29.2. Background

RTEMS makes no assumptions regarding the connection media or topology of a multiprocessor system. The tasks which compose a particular application can be spread among as many processors as needed to satisfy the application’s timing requirements. The application tasks can interact using a subset of the RTEMS directives as if they were on the same processor. These directives allow application tasks to exchange data, communicate, and synchronize regardless of which processor they reside upon.

The RTEMS multiprocessor execution model is multiple instruction streams with multiple data streams (MIMD). This execution model has each of the processors executing code independent of the other processors. Because of this parallelism, the application designer can more easily guarantee deterministic behavior.

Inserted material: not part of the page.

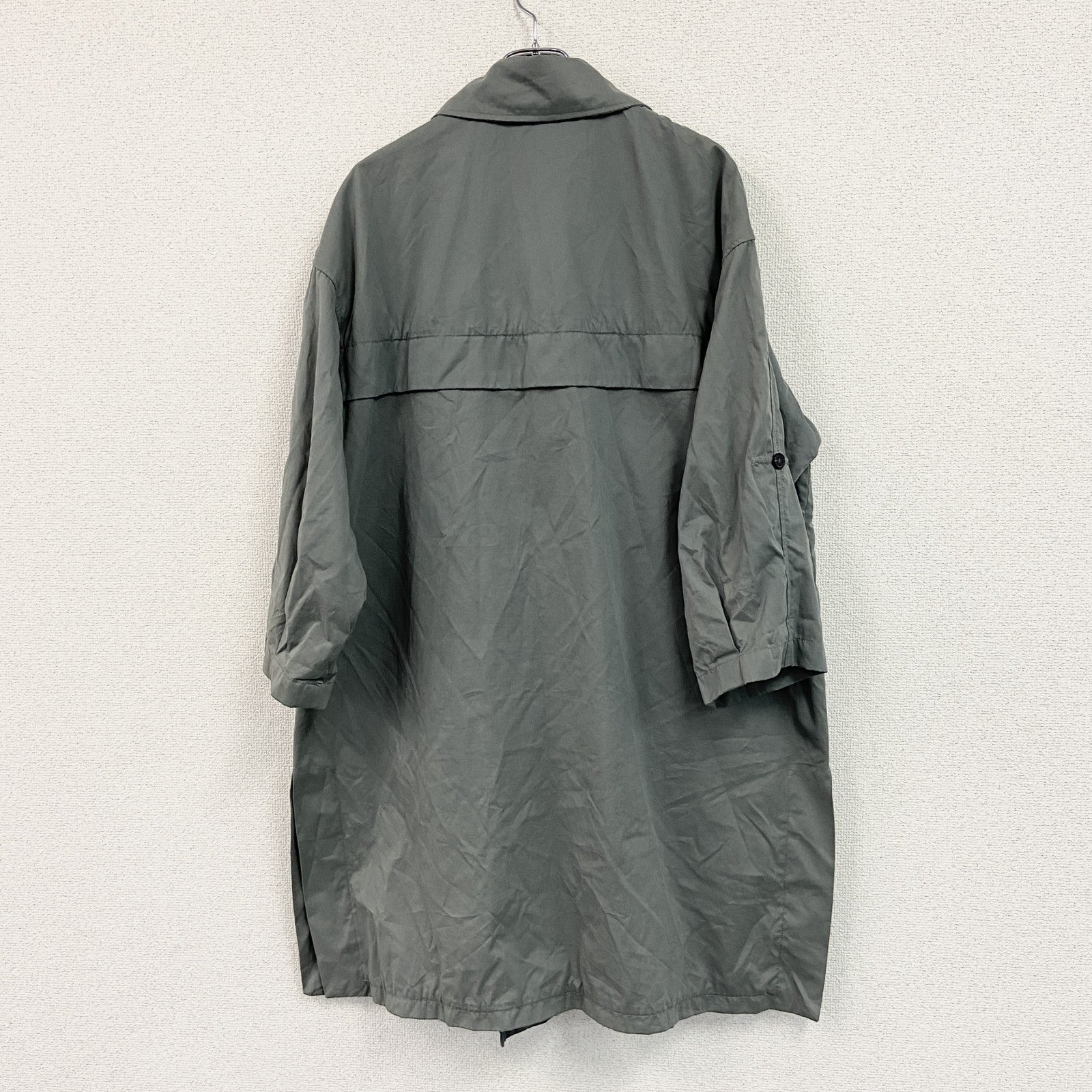 ZARA　ザラ　トレンチコート　灰色　グレー　Sサイズ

By supporting heterogeneous environments, RTEMS allows the systems designer to select the most efficient processor for each subsystem of the application. Configuring RTEMS for a heterogeneous environment is no more difficult than for a homogeneous one. In keeping with RTEMS philosophy of providing transparent physical node boundaries, the minimal heterogeneous processing required is isolated in the MPCI layer.

29.2.1. Nodes

A processor in a RTEMS system is referred to as a node. Each node is assigned a unique non-zero node number by the application designer. RTEMS assumes that node numbers are assigned consecutively from one to the maximum_nodes configuration parameter. The node number, node, and the maximum number of nodes, maximum_nodes, in a system are found in the Multiprocessor Configuration Table. The maximum_nodes field and the number of global objects, maximum_global_objects, is required to be the same on all nodes in a system.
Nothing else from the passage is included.